When GoGEO’s fixed-route bus system was launched in fiscal year 2017, council committed to a three-year service agreement with Georgetown Health and Capital Metro, Director of Public Works Ray Miller said.

He said when budget discussions begin this year, council will need to decide if it wants to continue with the fixed-route system as-is, expand upon the system, get rid of it altogether and offer only a rideshare or other similar program, or any other options.

Prior to GoGEO, the city was serviced by the Capital Area Rural Transportation System, which offers regional transportation for the non-urbanized areas of Bastrop, Blanco, Burnet, Caldwell, Fayette, Hays, Lee, Travis and Williamson counties.

“Once we hit 50,000 people, we were considered urbanized,” Communications Manager Keith Hutchinson said.

When a city adds a fixed-route bus system, federal law requires a complementary handicap service, or paratransit, also be installed, according to Miller.

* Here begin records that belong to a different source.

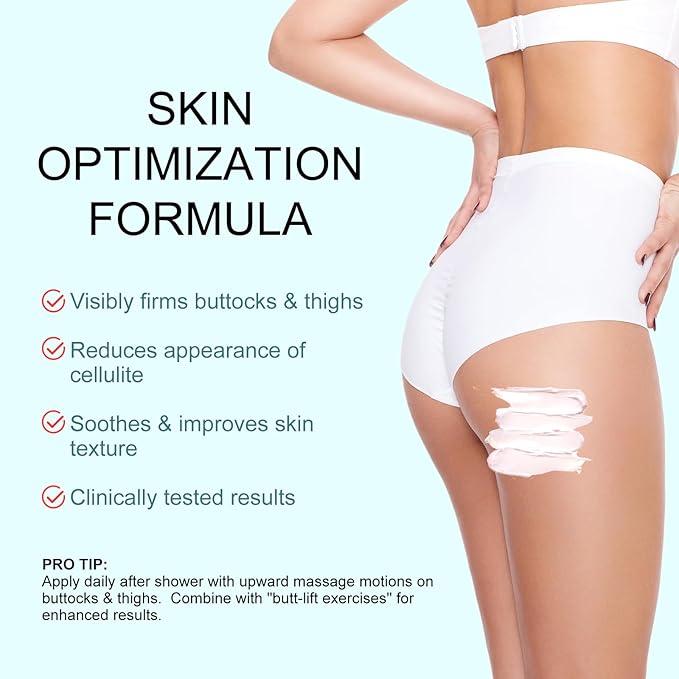 B-TIGHT Body Cream, 200ml Leave-On Booty Enhancing Mask, Firming & Moisturizing Cream, Leave-On Cellulite Mask - Improves Skin Tightness in Buttock Area, Lift sagging skin - 6.76 oz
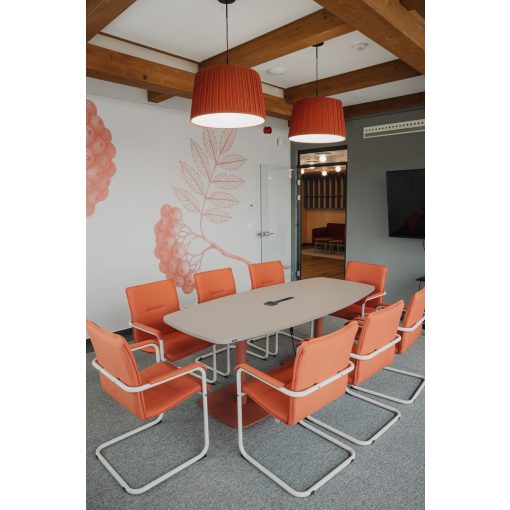 Rumba szánkótalpas tárgyalószék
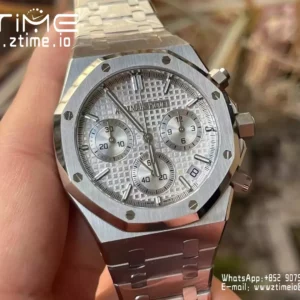 AP Royal Oak Chrono 26240ST SS APS Factory 1:1 Best Edition Silver Dial  SA4401 Super Clone - Super Clone Watch | 1:1 Best Version
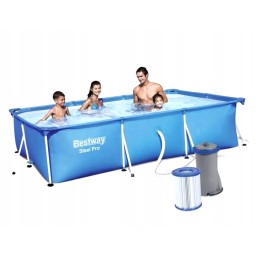 Baseinas su rėmu 300 x 201 x 66 cm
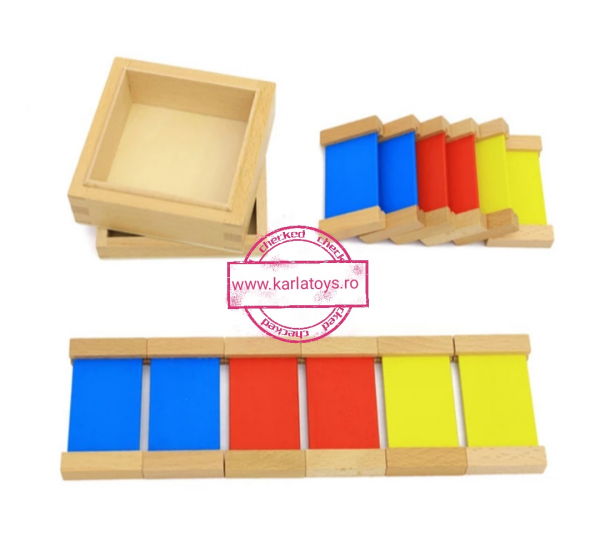 Cutia Cromatica de culori Montessori Lemn - Tablete Multicolore [3]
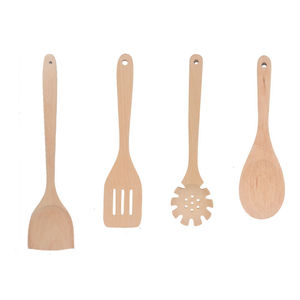 Wooden Spatula Set <b>Small</b> Long Handle Nonstick Cooking Utensils Kitchen <b>Tools</b> - Product Image 2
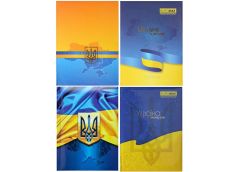 Блокнот А5, 80арк. кліт. тверда обкл. поролон 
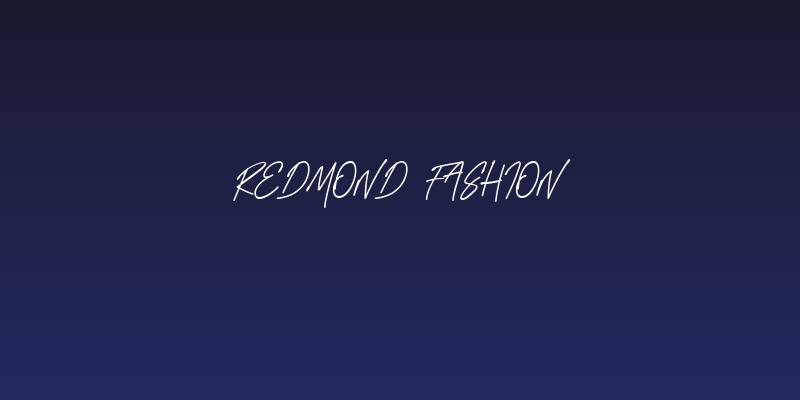 Redmond Fashion Social Header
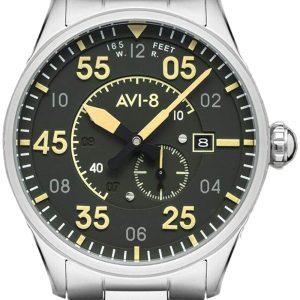 AVI-8 Herrklocka AV-4073-22 Grön/Stål Ø42 mm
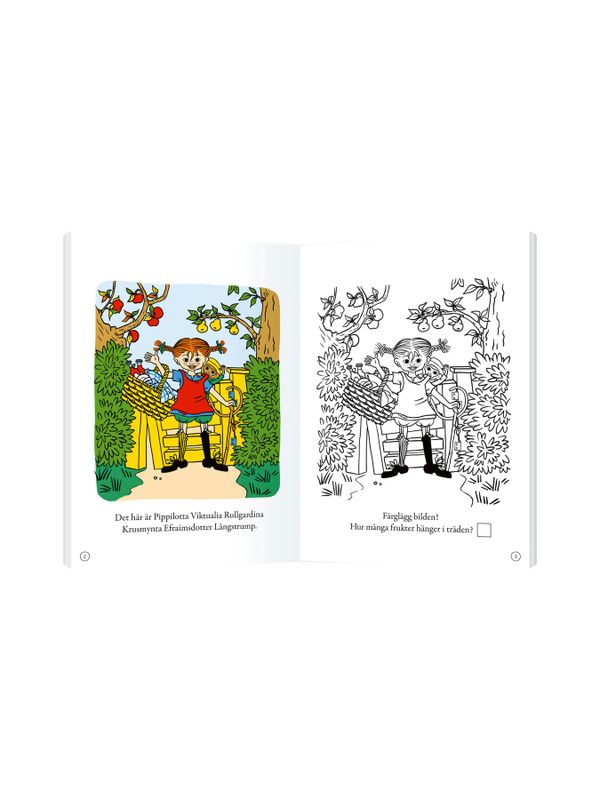 Coloring book Pippi Longstocking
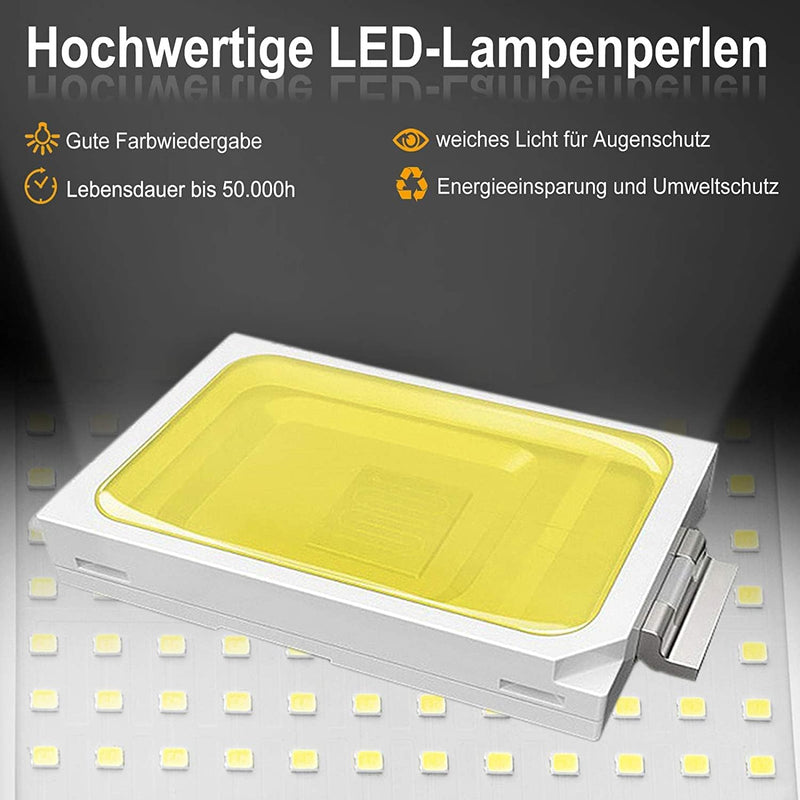 UISEBRT LED Baustrahler 200W Kaltweiss inkl. Standgestell und Netzkabel - LED Fluter Arbeitsscheinwe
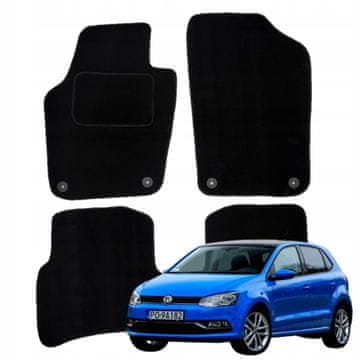 shumee Velurne talne preproge za Volkswagen Polo V 2009-2017 brisalci za avto B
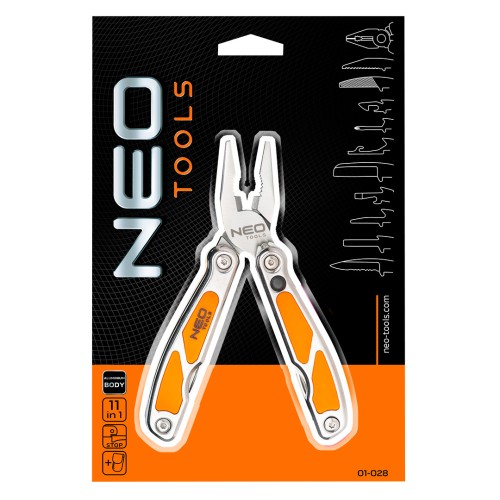 Narzędzie wielofunkcyjne NEO TOOLS zestaw 11 szt.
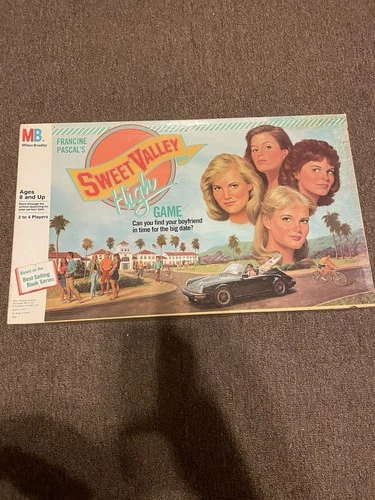 1988 Sweet Valley High Board Game Milton Bradley Vintage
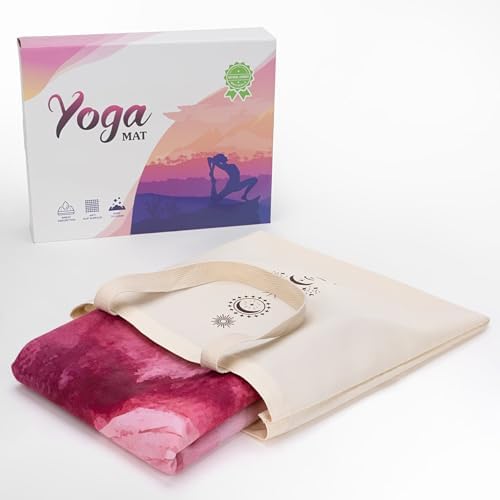 Travel Foldable Suede Yoga Mat, Tear-resistant Non-Slip Durable Fitness Mat, Tote Bag included for Yoga Pilates Exercise Workout, 0.06 Inch/1.5 mm Thick, 72 x 24 Inch/183 x 61 cm - Image 5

He said this fact must be kept in mind amid discussions of replacing the GoGEO buses with a ride-share program.

“You must have the handicap service, and Lyft vehicles are not handicap-accessible; it has to be through a bus or a van,” he said. “There are some rideshare programs coming out, though, where you can use whatever vehicles you like.”

The city hopes to have a contract with Lyft approved at the end of January, Miller said. The new Lyft program will be available to all Georgetown residents; however, those living in census tracts designated medium- to low-income will receive promo codes for rides.

“But not everybody can use Lyft,” Miller said regarding the program possibly replacing the fixed-route bus system. “Some folks might not have the ability to get a credit card or have a smartphone.”

“We’ve talked to people who really rely on GoGEO to get around,” Hutchinson added. “Either because they choose not to use a car or because they have a disability, we talked to one person with vision issues and one in a wheelchair [for example].”

When the fixed-route bus system was installed, council established performance measures to track success, Miller set. Council set an annual ridership measure of 40,000. Last fiscal year saw just under 22,000 rides, according to Miller.

“It’s still a fairly young system trying to gain momentum,” he said. “We get comments about it not being spread out more, such as going farther down Williams or University drives, and folks say they have to walk too far to get to a stop.”

Miller said more stops and added routes is an option, but expanding operations would mean increasing funding.

“If we expand the system the cost is going to go up,” he said. “We’ll see what council would like to do.”

Meanwhile, the city will continue to promote GoGEO.
“We’re sending a mailer to people living within 900 feet of a GoGEO stop that includes a pass for a free ride,” Hutchinson said. “We hope once people use the bus, they’ll want to use it more.”